We don't have a timeline for when the Supreme Court would issue a ruling. There's nothing contemplated or required in the statute, so that's completely up to the timing of the Supreme Court's action.
And then maybe, just bigger picture, sort of on the -- I guess, it will remain to be seen, whether it's a step change in gas costs or not in the medium to long term. But for now, that step change in gas cost, whether it changes anything about how you're thinking about of the business, capital allocation and then also, within guidance, is there anything for increased working capital costs or bad debt?
So Gabe, I'll take the first part of that. And we're obviously very mindful of the impact that it has on our customers. But in terms of our capital spending program, there's really a couple of things to think about. One, on the growth side, we're responding to what the market demand is. Housing inventories are low, and that market continues to move very quickly.

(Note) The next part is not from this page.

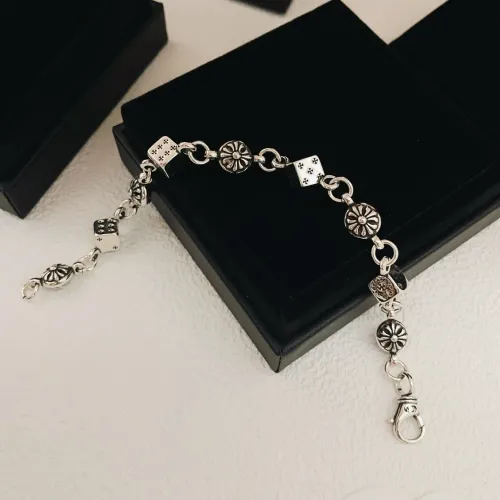 Cheap Chrome Hearts Bracelets #1406762 Replica Wholesale [$34.00 USD] [ITEM#1406762] on Replica Chrome Hearts Bracelets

So there's a high demand for our product. The builders and developers that are putting in these new neighborhoods, want to be able to offer natural gas service in those neighborhoods. So that's driving a big portion of our capital.

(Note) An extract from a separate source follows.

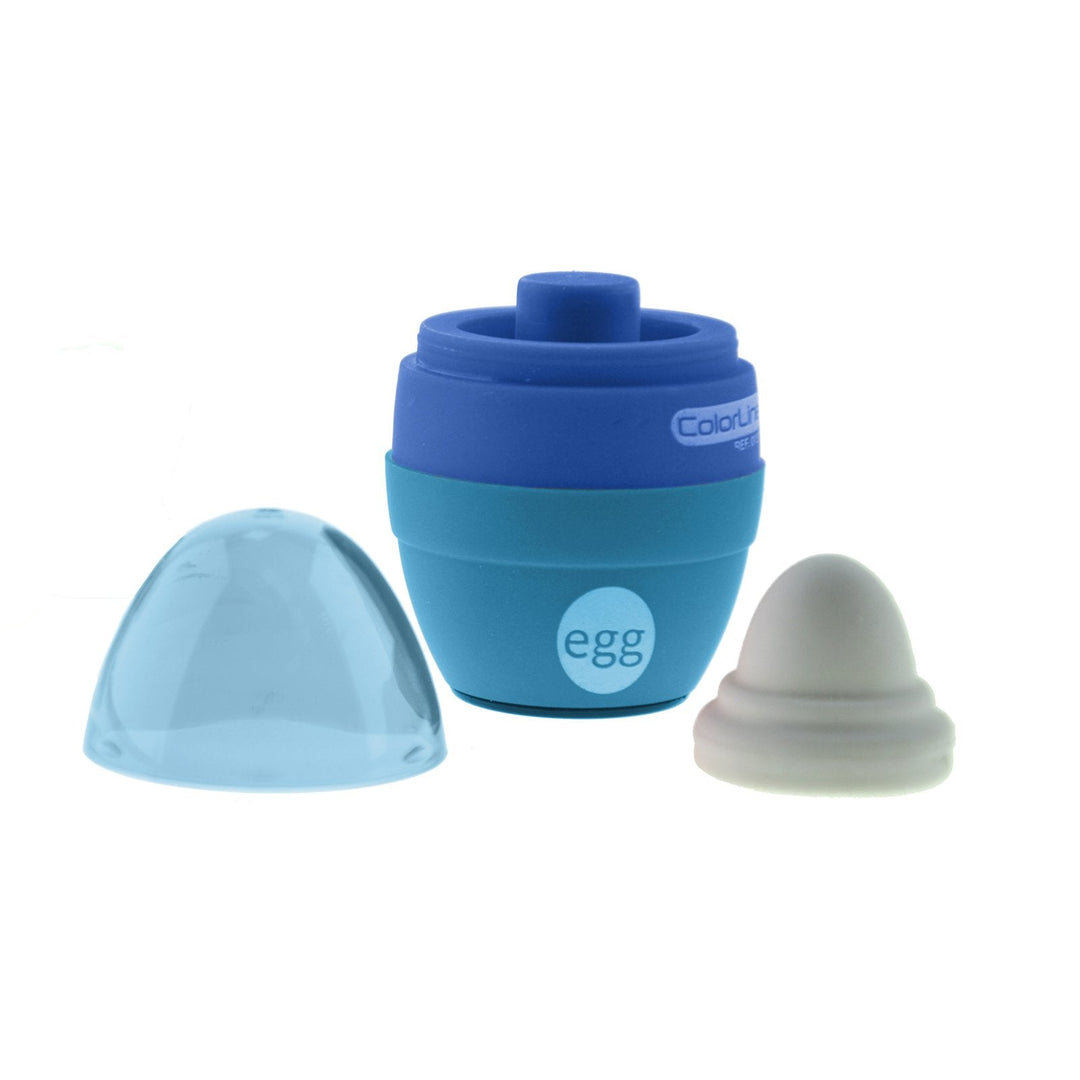 SDI - Combo Goma de Borrar y Sacapuntas con Recambio de Regalo, Edición Egg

And then, as we've talked about several times before, the spending that we do on system integrity, we're agnostic to those other factors. We have to spend the capital on the system that's needed to maintain system integrity and reliability. And just as we have since day 1, we continue to stay focused on the spending for those items as well.
And Gabe, as it relates to guidance, of course, we issued our guidance in January prior to this recent kind of ramp-up in inflation and increase in interest costs. So no, there's nothing specific in the plan related to that, other than the general inflation that we would normally expect in a year. That said, we have certainly evaluated and continue to evaluate the impact on our plan. And for now, we've affirmed guidance and believe that those impacts are manageable for 2022.
[Operator Instructions]. We'll now take a follow-up from the line of Julien Dumoulin-Smith with Bank of America.
Kody again. Just one quick follow-up housekeeping item. Just looking at residential volumes down 4% year-over-year, while residential customer growth continued and heating degree days were higher, it looks like a mix in Texas might be a factor here, but wondering if you can give a little bit more color on what's driving this dynamic?
Yes. Kody, this is Curtis again. That's purely related to Winter Storm Uri and the impacts that we saw in the first quarter last year versus what the weather patterns were like this year. Just the concentration of the cold weather in February. But then also, it's not -- it's difficult to compare as well, because some of our customers around the territories were also dealing with electric outages. And so while their volumes may have been even higher last year, not having electricity, that had an impact as well. So it's really apples and oranges comparison.
[Operator Instructions]. As it appears there are no further telephone questions, I'd like to turn the conference back over to our presenters for any additional or closing remarks.
Thank you all again for your interest in ONE Gas. Our quiet period for the second quarter starts when we close our books in early July and extends until we release earnings in August. We'll provide details on the conference call at a later date. Have a great day.
And once again, that does conclude today's conference. We thank you all for your participation. You may now disconnect.